Mahkeme Kitap, ilk bakışta, çoğu bakımdan anlamı belirlenemez olgulardan oluşmuş gibidir. Kitabın adında yer alan ve temel bir gösterge gibi sunulan mahkeme, şiirlerin başlığında yer alan savunma ve savunmada bulunanlar bu belirsizliğin belirgin göstergeleridirler bir yerde. İnsan, hayvan, mekân bütünüyle bunun içinde yer alırlar. Her biri “hâkim bey” diye hitapta bulunurlar. “Savunmam budur” derler, fakat savundukları, savunma nedenleri kolayca anlaşılır değildir. Eserde savunmada bulunanların konuşma tarzları, konuşmanın yapıldığı yer ve ‘makam’ bir ve aynıymış gibi düşünülebilir. Bunun bile bir yanılsama olduğunu varsaymamak için sebep yok gibidir. Çünkü kitabın tamamı dikkate alınarak yapılan bu çıkarsama tek tek şiirler için geçerli sayılmayabilir. Karganın Savunması ile Şairin Savunması biçimsellikler dikkate alınmazsa aynılıkları tartışılabilir rahatlıkla. Nihayetinde her bir şiir bir eserdir, kitabın bütünlüğü de… Bu bakış açısını derinleştirmek isteyenler için eserin güçlüğünü pekiştiren unsurlar çoktur.
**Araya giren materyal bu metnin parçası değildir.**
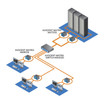 Vertiv MATRIX TRANSMITTER - MXT5120-VGA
Örneğin, Hakim bey hitabına rağmen karganın “Ka”ları anlaşılabilir bulunsa da şair’in ‘dur bakalım’ ikazlarına takılmamanın imkanı yoktur. Bu örnekten de anlaşılacağı üzere mahkemenin de hâkim beyin de sorunsallaştırılmaması için bir neden kalmaz. Bu nasıl mahkemedir? Böyle hâkim mi olurmuş? Eserdeki poetik amaçsallıkta bu tür soruları sordurtmak vardır belki de.
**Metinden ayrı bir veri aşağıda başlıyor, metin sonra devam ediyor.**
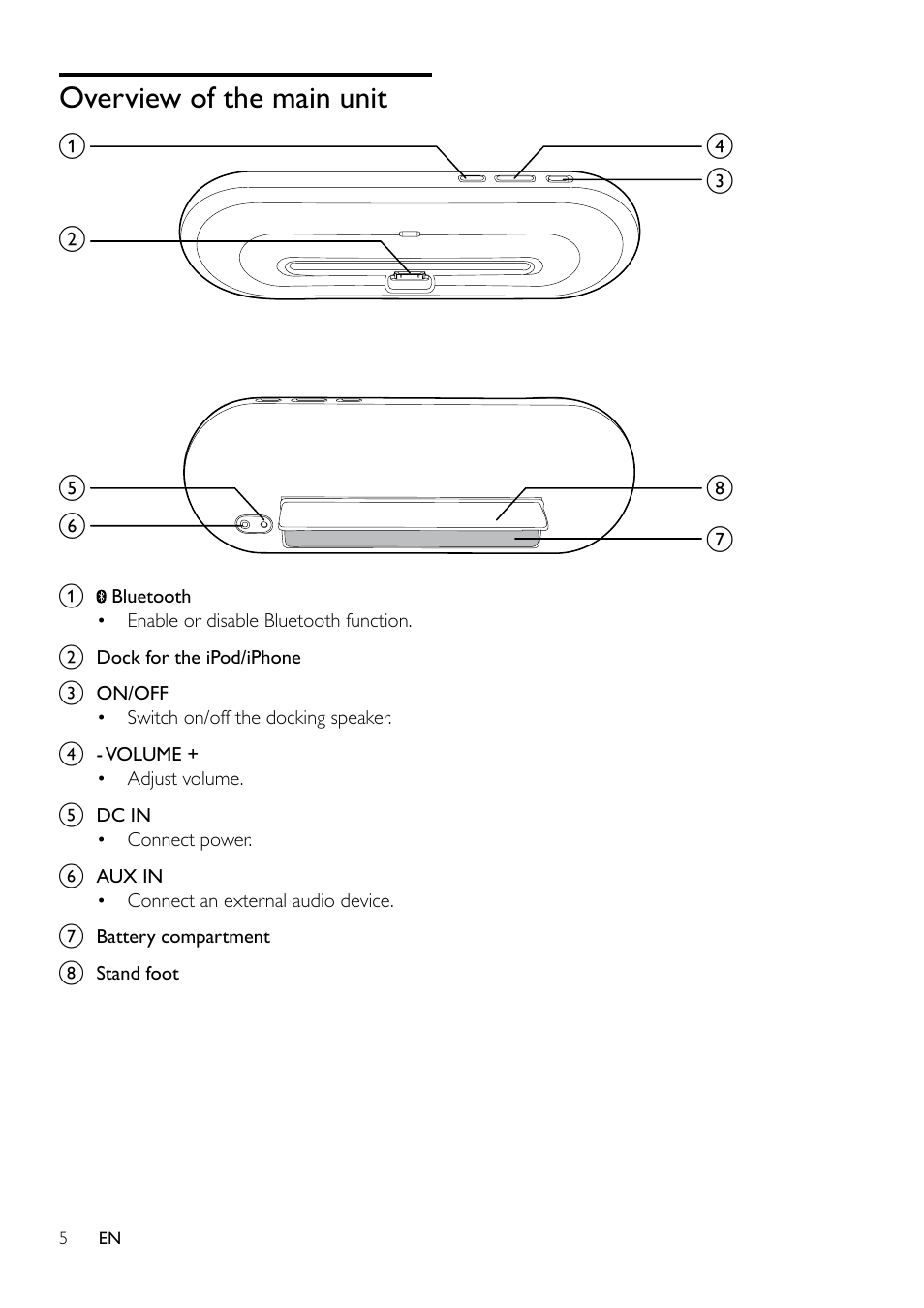 Overview of the main unit | Philips DS7530/05 User Manual | Page 5 / 13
Mahkeme Kitap’ta yer alan temel göstergelerin sorunsallaştırılması ile poetik ‘aydınlanma’nın mümkün olabileceğini düşünüyorum. Bu bakımdan sorun; mahkemeyi dünyevî ya da uhrevî hatta vicdan mahkemesi deyiminde olduğu gibi bildik anlamlandırmalar başta olmak üzere savunmanın, suçsuzluğun ortaya konulması biçiminde anlaşılması ile başlıyor. Metni esas almak, biraz da şairin yazı ve söyleşilerine bakmak gerekiyor. Güntan bu hususta, “şair yoksa şiir de yok. Bir şairin bir şaire en büyük hediyesi de bunu nasıl becerdiğini yazıp bırakmasıdır, ben de bunu yapıyorum, diyor”. Bütün bu veriler dikkate alındığında Mahkeme Kitap’ın temel göstergelerinden örneğin “savunma” için ne söyleyebiliriz? Kanımca savunma bir yerde, yönde olma gerçekliğidir. Buna bir şeyin hakikatte olduğu yerde, yapıda, yönde, eğilimde olması olarak da bakabiliriz. Bu durum insan için geçerli olduğu kadar her bir varlık için de geçerli değil midir? Sözgelişi adalet insan içindir ama kanunlar hayvanları da, mekânları da içeririler. Bu nedenle Mahkeme Kitap’ta mekân da hayvan da insan da aynı düzlemde birer poetik özne olarak çıkarlar karşımıza. Her biri kendi yönü ya da hakikati nezdinde konuşurlar. Bir nevi metafizik eşitlik söz konusudur burada ki her bir söz ayrı ayrı fakat aynı mecraya dökülme (Mahkeme Kitap’ta savunma tarzında oluyor bu dökülme) kaderini paylaşırlar. Bu konuda Güntan, İyot’ta yer alan bir denemesinde görüşünü açıklamış bulunuyor zaten: “Şair, şiir yazarken de, arkadaşlık ederken de ilahî adaletin kurallarını uygular: Her şey yerli yerine oturmalıdır, her şey”. Bütün varlığı kucaklayan bu görüş, her şeyi yerli yerine oturtulma ilkesine göre biçimlenir. Şairin işidir bu. Çünkü, “kaderi savunmak, bugün, eskiden olduğu gibi şaire kalmıştır, çünkü şair işini yapabilmek için en başından kaderi tanımak zorundadır. Kadere teslim olmak şairin kaderidir. Şair bir kafese doğar, eğer kadere teslim olmazsa bu kafeste mahkûm olur, işini yapamaz “.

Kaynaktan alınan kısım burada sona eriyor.